_RECORDS TO USE_
--*--
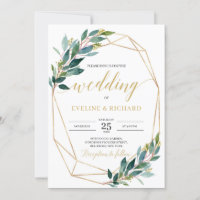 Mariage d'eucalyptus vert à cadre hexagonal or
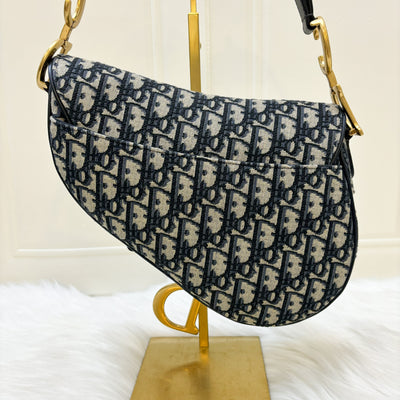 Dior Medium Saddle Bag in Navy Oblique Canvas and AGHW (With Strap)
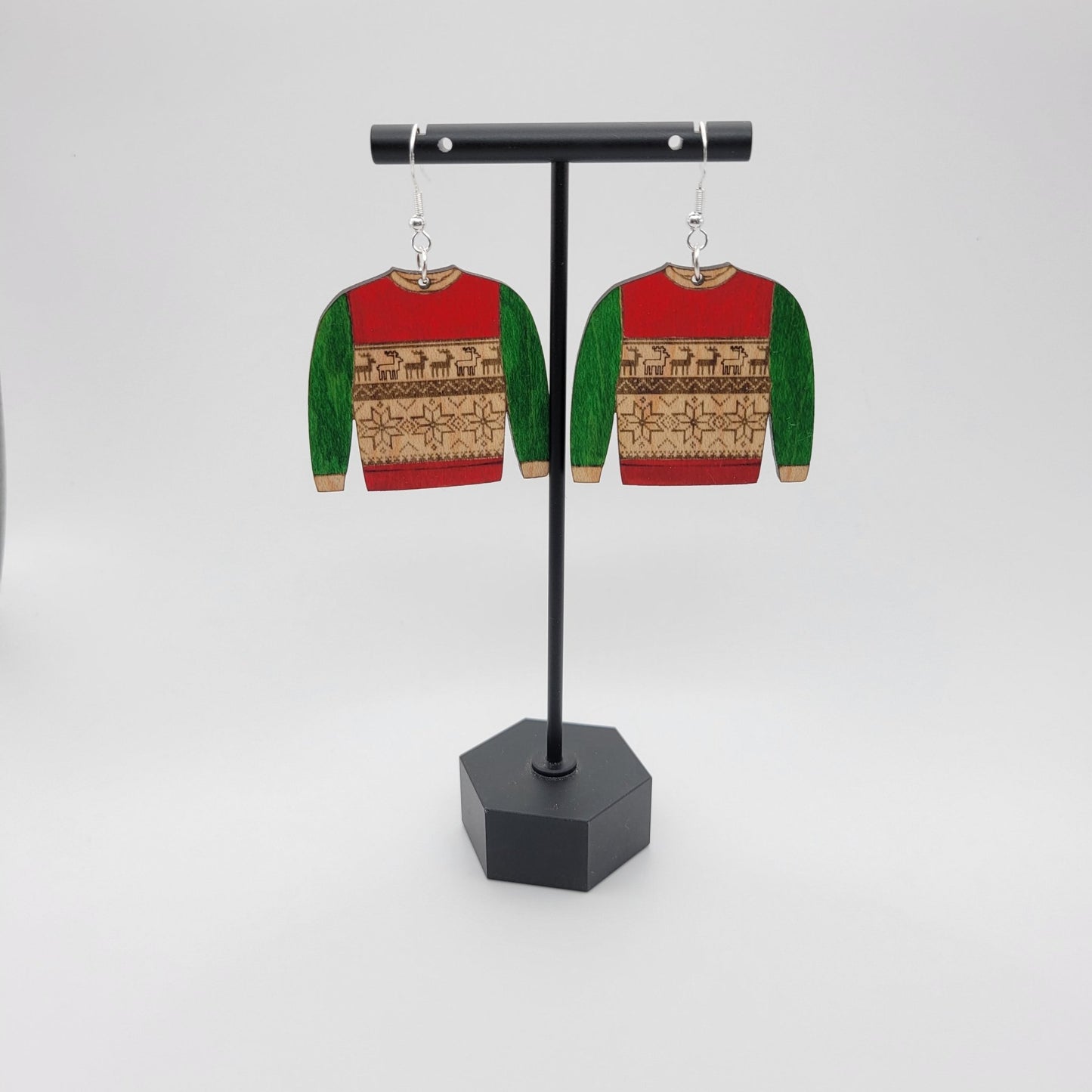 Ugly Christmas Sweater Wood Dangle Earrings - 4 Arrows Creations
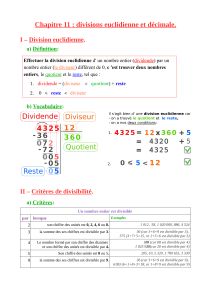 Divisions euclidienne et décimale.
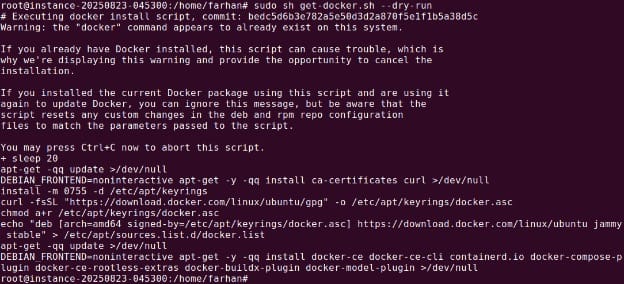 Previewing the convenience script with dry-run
--*--
_WHAT YOU ARE ASKED TO DO_
Write out each entry exactly as given, but skip the pictures.

_RESPONSE TO THIS EXERCISE_
 Mariage d'eucalyptus vert à cadre hexagonal or
 Dior Medium Saddle Bag in Navy Oblique Canvas and AGHW (With Strap)
 Ugly Christmas Sweater Wood Dangle Earrings - 4 Arrows Creations
 Divisions euclidienne et décimale.
 Previewing the convenience script with dry-run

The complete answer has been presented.